Gus Van Sant's Restless is predicated on an old movie truism: The quirkiest romances begin at funerals.
That's where Enoch (Henry Hopper) meets Annabel (Mia Wasikowska). He's a morbidly curious funeral-crashing teenager who lives in a rundown mansion, wears black clothes from another era and plays Battleship with the ghost of a kamikaze pilot (Ryo Kase).
Naturally, Annabel, who tells him she volunteers in a local hospital, is drawn to him. She wants to tag along to the funerals. And when she bails Enoch out of a tight spot with a funeral director, she's in. But we think that funeral director is right on the money.
"Either you are the world's unluckiest boy or a sick prankster."
Thus an odd and oddly touching romance begins, but one that grasps the doomed nature of all love affairs, even among the young.
You have to get past the names of the characters. Really, Enoch Brae and Annabel Cotton? Did Flannery O'Connor write this? Actor-turned-writer Jason Lew did, with fond memories of that 1970s funeral romance classic Harold & Maude.
It helps to not dwell on Enoch's home life, or wardrobe. Teenagers drawing chalk outlines of themselves like murder victims? Adorable.
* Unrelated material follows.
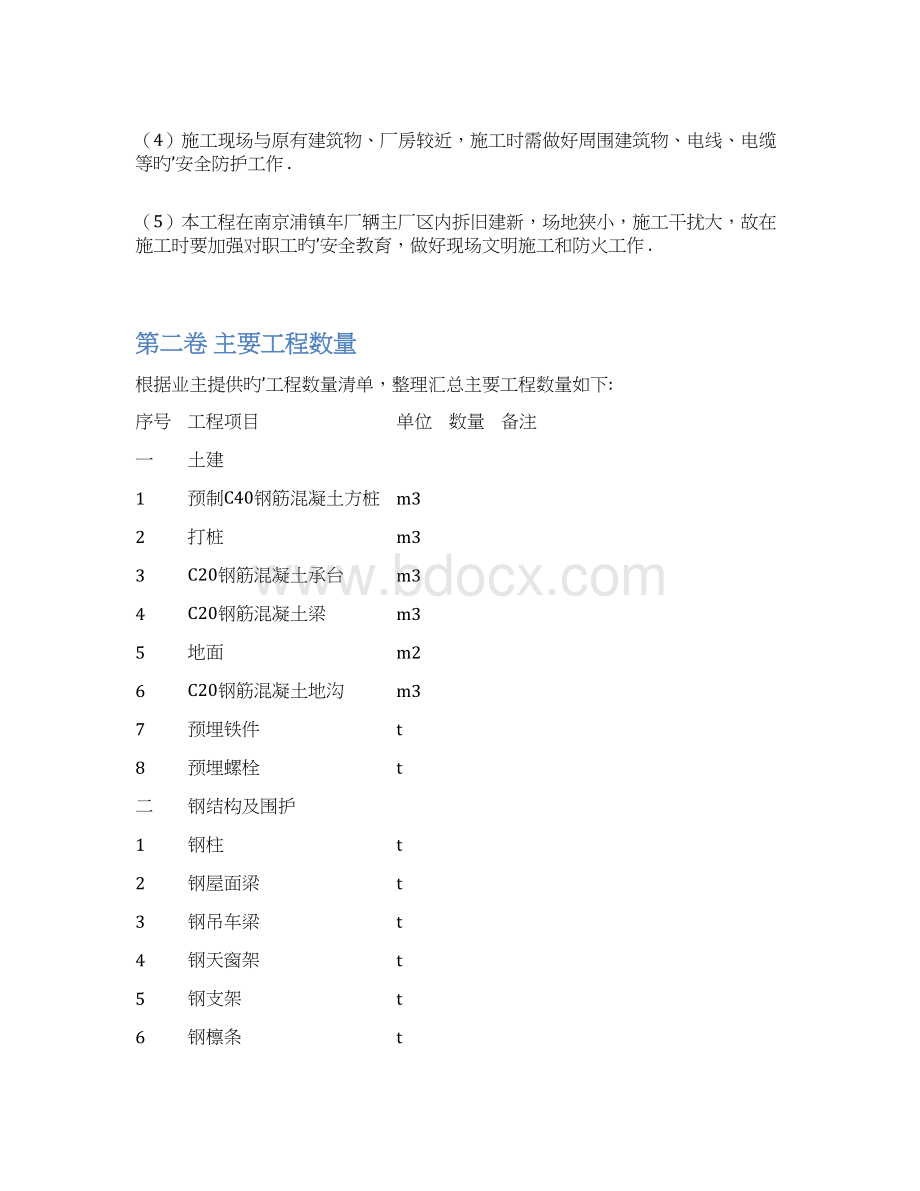 大型钢结构彩钢总装厂房建设工程可行性研究方案.docx_第3页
The whole bickering with Hiroshi, the kamikaze pilot, over life, love and Battleship is just too cute. "I saw a Mitsubishi car today," Hiroshi says. "So what?" "I used to fly a Mitsubishi." "You used to crash Mitsubishis." "Only one."
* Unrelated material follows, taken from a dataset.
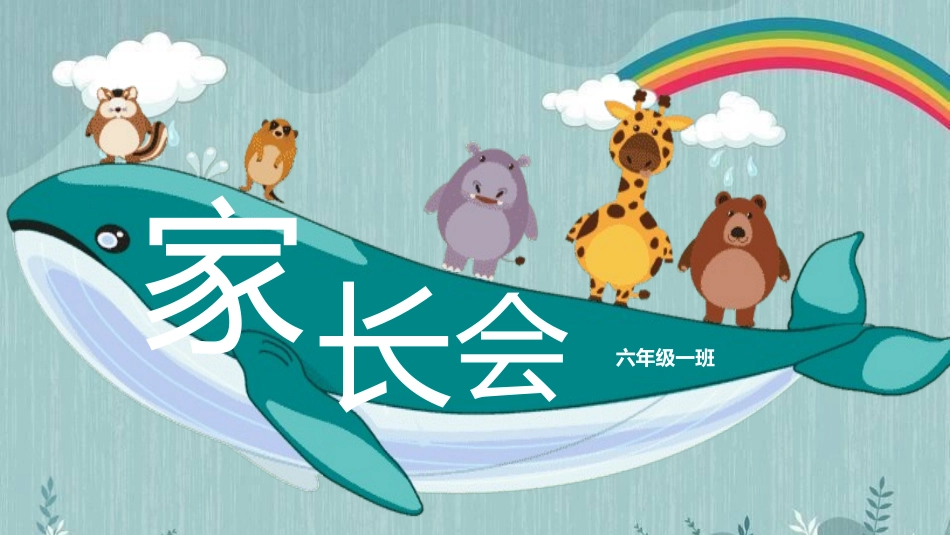 小学开学家长会28.pptx_第1页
What Louisville native Van Sant (Good Will Hunting) was going for in this latest tale of out-of-step, brooding teens is a romantic fable. We peel back layers of each character and find their motivations.
Annabel is bothered when Enoch keeps calling patients in her hospital "cancer kids" instead of "kids with cancer." Enoch is pointlessly cruel to the aunt (Jane Adams) who takes care of him. And Annabel's family is leery of the weird boy she's spending too much time with.
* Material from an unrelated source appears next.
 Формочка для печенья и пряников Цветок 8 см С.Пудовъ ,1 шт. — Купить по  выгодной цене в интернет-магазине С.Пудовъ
Wasikowska gives Annabel a lovely fatalism and curiosity. And Hopper, son of the late actor Dennis Hopper, transcends the posing cliché this character could have been, making Enoch an angry kid just figuring things out, working through some issues and avoiding dealing with the Big Thing that's bothering him.
Restless is far more precious than profound. But that takes little away from this soulful teenage exploration of love, life and death.